ÖLÜ

Bugünlerde ölü, ölüm, vefat ve hayat üzerine kafa yoruyor ve yazıyorum; nedeni, ölü kelimeleri dirilten Sezai KARAKOÇ gibi bir mütefekkirin “ölmüş”! olması.

Bize hayat veren kelimeler, o kelimelere hayat verenler ölünce, biz de ölüyoruz.

Hani, Necip Fazıl, Sakarya şiirinde ‘Siz hayat süren leşler, sizi kim diriltecek?’ diye soruyordu ya; bize “leş”  demeyi de kelimelerle yapıyordu, leş gibi ölü kelimeleriyle güya bizi canlandırmak istiyordu. Değer verdiğim ve kendisinden doktora dersi de aldığım bir hocam NFK için büyük bir demogog deyince çok şaşırmıştım; tabiî daha sonra NFK’nın hayatına baktım... Sezai KARAKOÇ, NFK gibi değildi, onda daha bir istikrar ve daha bir cihanşümüllük vardı. Elbet aynı damardan besleniyorlardı ama Sezai KARAKOÇ’un ufku daha genişti ve kelimelerine bu geniş ufuk can veriyordu.

Bir şair-yazar ya da mütefekkirde, kelimelere can veren soluk = ruh yoksa o, kelimelerle oyun oynayan bir cambaz ya da sihirbazdır; bunu “leş” hâline gelmiş kimseler anlayamaz, öbür taraftan muhatabınızı “leş” görürseniz, kelimelerle (sözlerle, şiirle, edebiyatla vs.) ona can da veremezsiniz. Sezai KARAKOÇ, sözünü söylediği muhataptan umut kesmemiş, onları ‘aşağılamamış’ bir şair-edebiyatçı ve mütefekkirdi; NFK ise büyük oranda bir söz cambazı idi!. (NFK, gençliğimin idölüydü, ona söz söyletmezdim ama bakın şimdi kemdim söylüyorum; garip değil mi?)
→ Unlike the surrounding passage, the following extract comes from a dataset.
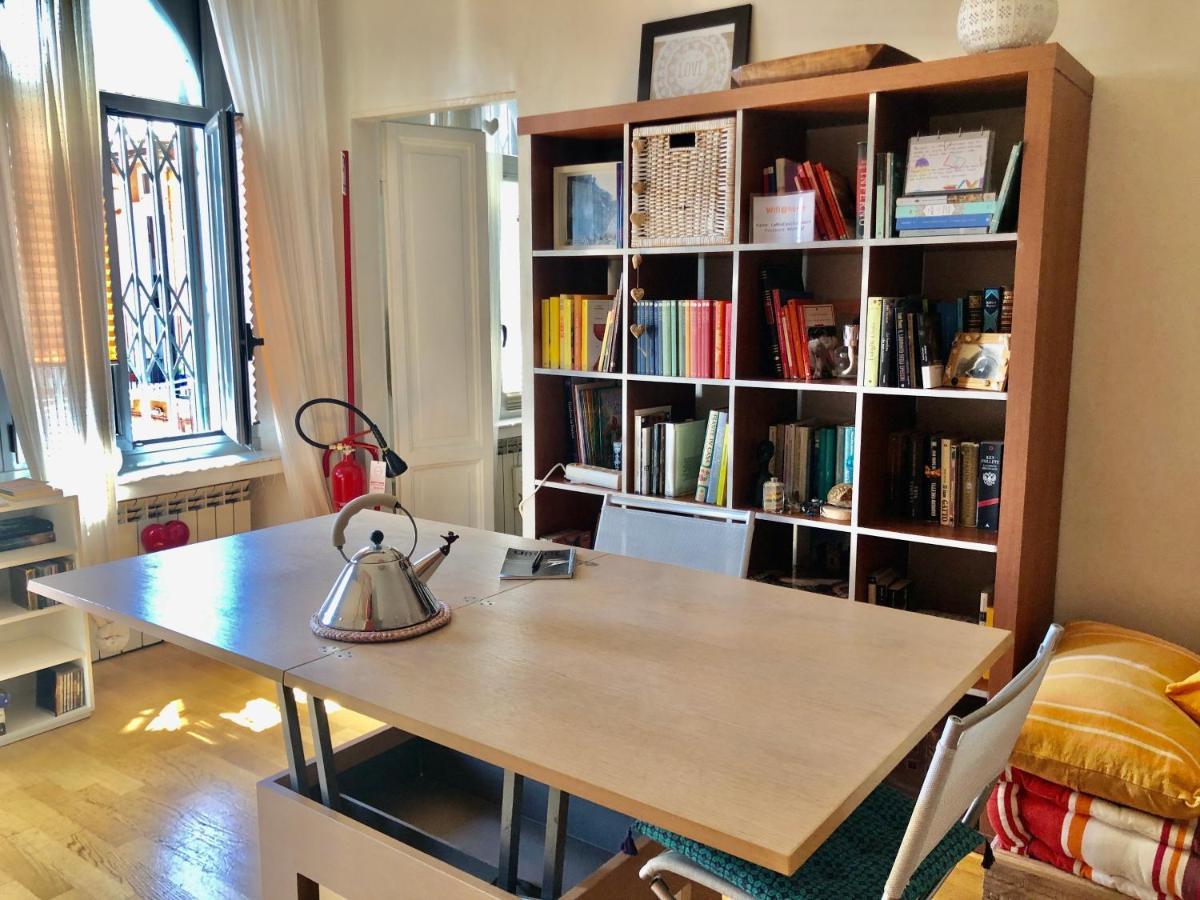 La Casa Sul Ballatoio Isola Humanitas E Alcatraz Milaan Buitenkant foto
Ben NFK kadar sert konuşmayayım da şöyle diyeyim, biz yaşayan ölüler, canlanmak istiyorsak, ölü kelimeleri dirilterek canlanacağız. Elbet bunu (ölü kelimeleri diriltme işini) bizler yapamayız. Kim yapar/yapacak? Bilenler ve Sorumluluk alanlar = Âlimler. Âlimler, kendilerine üflenmiş ruhu diri/canlı tutan, öldürmeyen adamlardır.

Dün, bu görev Peygamberlerindi, bugün âlimlerin. ‘Âlimler, Peygamberlerin vârisleridir.’ Bu miras, ağır bir mirastır; işe, bence, Şehâdet Kavramının (Kelimesinin, Kelime-i Şehâdet’in) diriltilmesi ile başlanmalıdır; çünkü Şehâdet öldüğü, Şehâdetin içi boşaldığı için bizler ölüyüz.

Bizi canlandıracak, ayağa kaldıracak olan, yeniden Şehâdet. Tüm tarihte ölü kavimleri dirilten Kelime O Kelime. Tüm Peygamberler Onu diriltmek için gönderilmiştir.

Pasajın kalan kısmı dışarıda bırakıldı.